On Tuesday he talked about the moment for the first time at a news conference of first responders to the shootings.
He explained what inspired him to make the declaration.
"When they were passing me there was a female there with a small child that was just terrified, shivering almost, shaking like a leaf, and I said what I said. I meant what I said. Calm down, relax and we were going to do everything we could," Lozano said.
He said he had been scared himself when someone opened a door without announcing themselves, but knew the people he was responsible for were relying on him for comfort and calm, so he provided it.
"I don't feel like a hero whatsoever," Lozano said. "That's our job to put ourselves in the line."

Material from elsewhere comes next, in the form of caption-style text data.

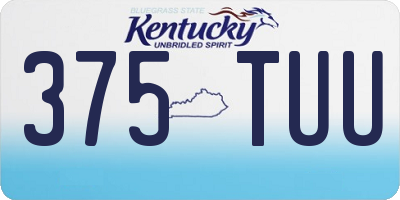 KY license plate 375TUU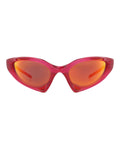 Balenciaga Unisex Shield/Wrap Red Red Red Fashion Designer Eyewear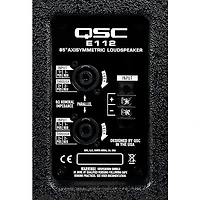QSC E112-BK 12" 2-Way Passive Loudspeaker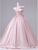 Pink Halter Pleas Flower Quinceanera Dress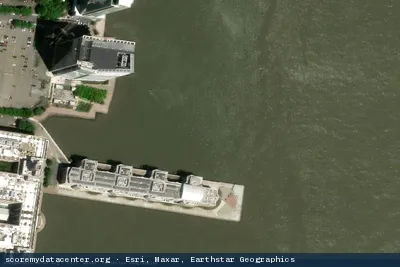 Vue aérienne du site QTS Jersey City (JCY1)
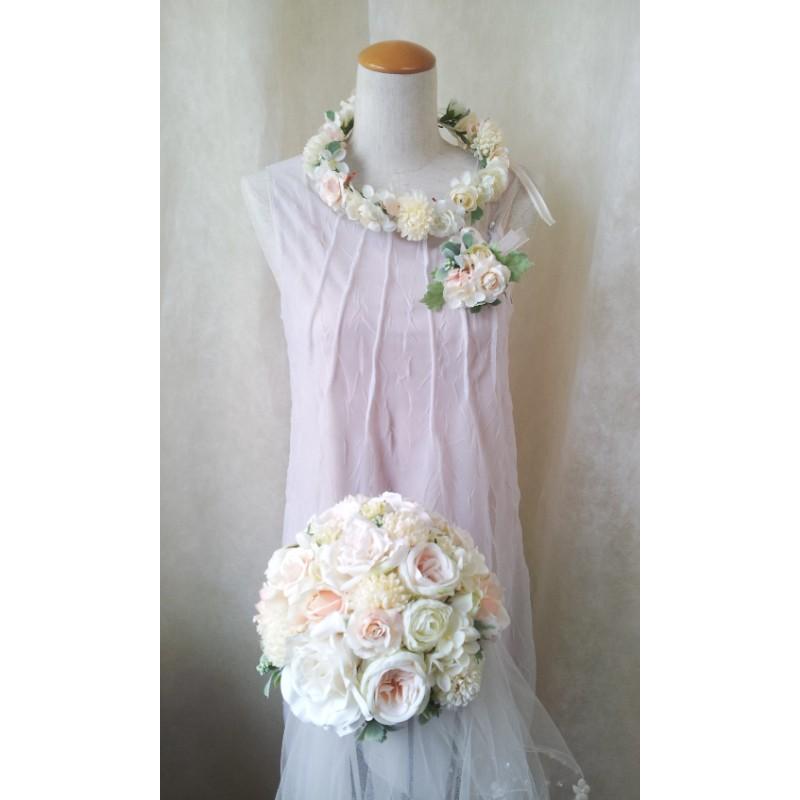 ブーケブートニアセット（マシュマロカラー）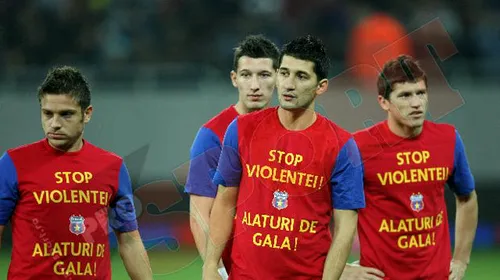 Ecourile incidentelor de la Ploiești nu s-au stins!** Jucătorii și fanii Stelei au afișat mesaje de suport pentru Galamaz și eroul Novak Martinovic
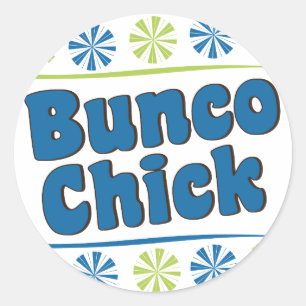 70's Bunco Chick Classic Round Sticker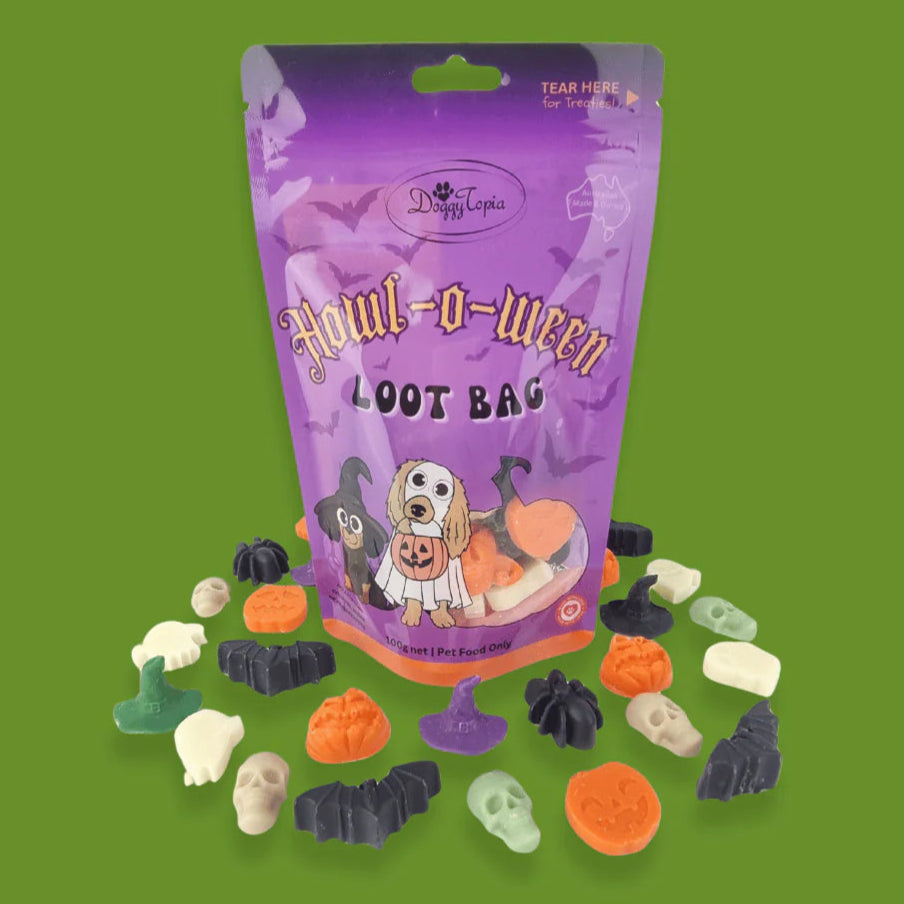 DOG TREATS | Doggy Topia - Howl-o-ween Loot Bag Dog Lollies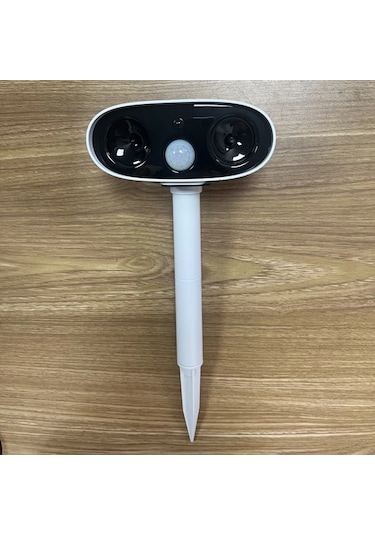 Xuweiwei 2024 Beyaz Yeni Yükseltilmis Ses Dalgasi Hayvan Kovucu Günesli Acik Hava Hareket Algilama Cihazi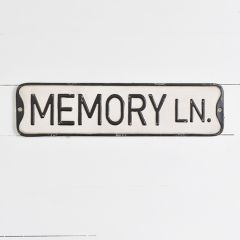 Memory Lane Street Sign Wall Decor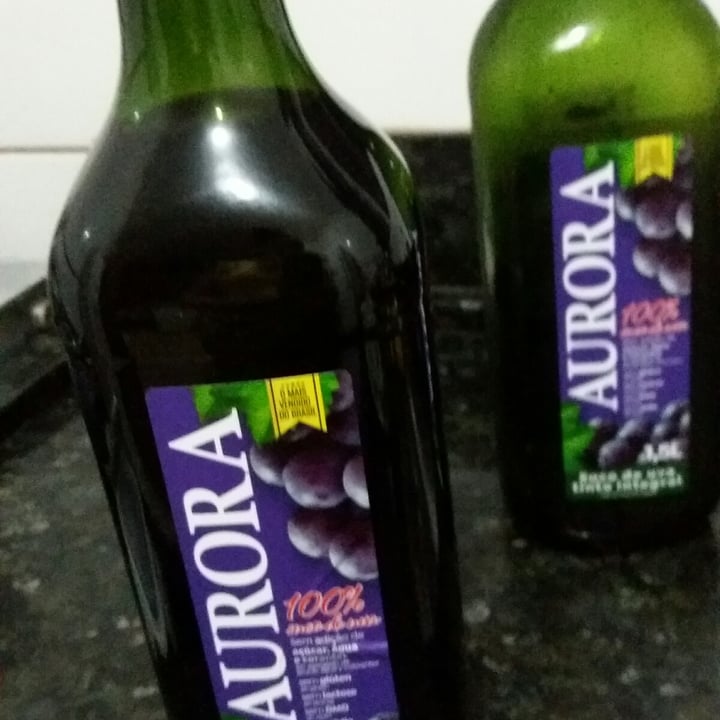 review photo of Aurora Suco de uva tinto integral Aurora shared by @mariacamilo on 07 Jun 2022 - review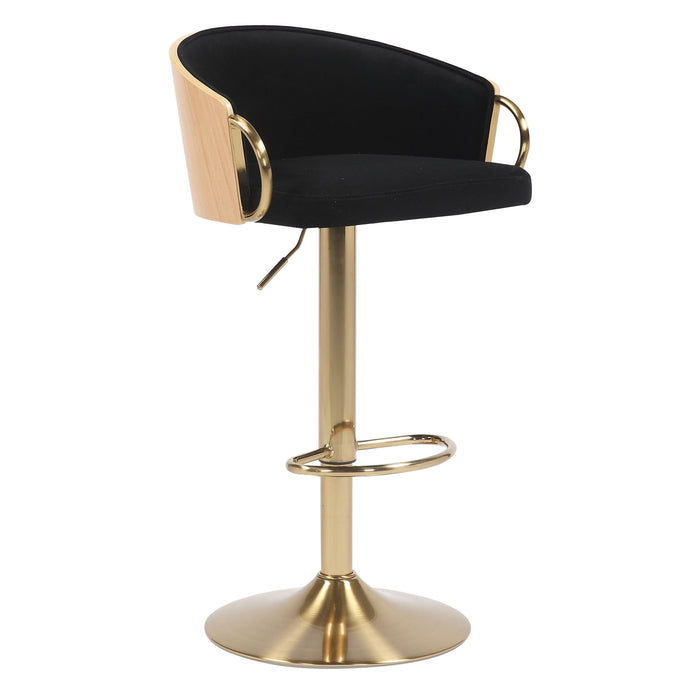 Gold Gas Lift Bar Stool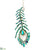 Rhinestone Peacock Ornament - Peacock Gold - Pack of 12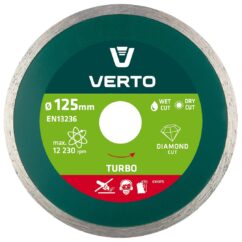 Tarcza diamentowa 125*22,2mm. pełna Verto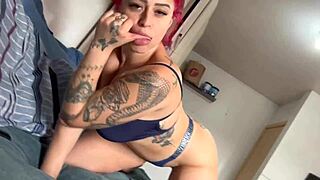 Hot Brazilian Redhead Surrenders to Wild Hardcore Submissive Sex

The video — and the "take a bullet" line in particular — have made something of a celebrity out of Lozano, and he won the admiration of the public and his colleagues.
Lt. Mike Madden, another first-responder to the scene who was asked last week if it was him in the video replied, "No, I'm not that cool."
Officer Nicholas Koahou, the lone officer shot in the gunfight that killed the couple hours later, also spoke at the news conference, saying he's a former Marine who was determined to keep fighting even after he took the bullet.
Koahou was among the officers who came upon the couple as they stopped their SUV and opened fire.
"It was constant gunfire," he said. "At some point you just kind of stop hearing the shots there was so much noise."
He exchanged bullets with the man, Syed Farook, then ran to back up another deputy who was nearest the shooters.
Syed Farook went down in the street. Then Koahou was shot.
"I felt like somebody punched me in the leg," Koahou said.
The bullet had come from the wife, Tashfeen Malik, who was still firing from the back of the vehicle and shot him before she was shot and killed.
Koahou, standing on crutches at the news conference, said he looked down, saw the bullet hole and assessed himself and was determined to not give in, standing up before other officers came to take him away.
"I was in the Marine Corps and they taught us in training you're never out of the fight," Koahou said. "You've got to keep fighting."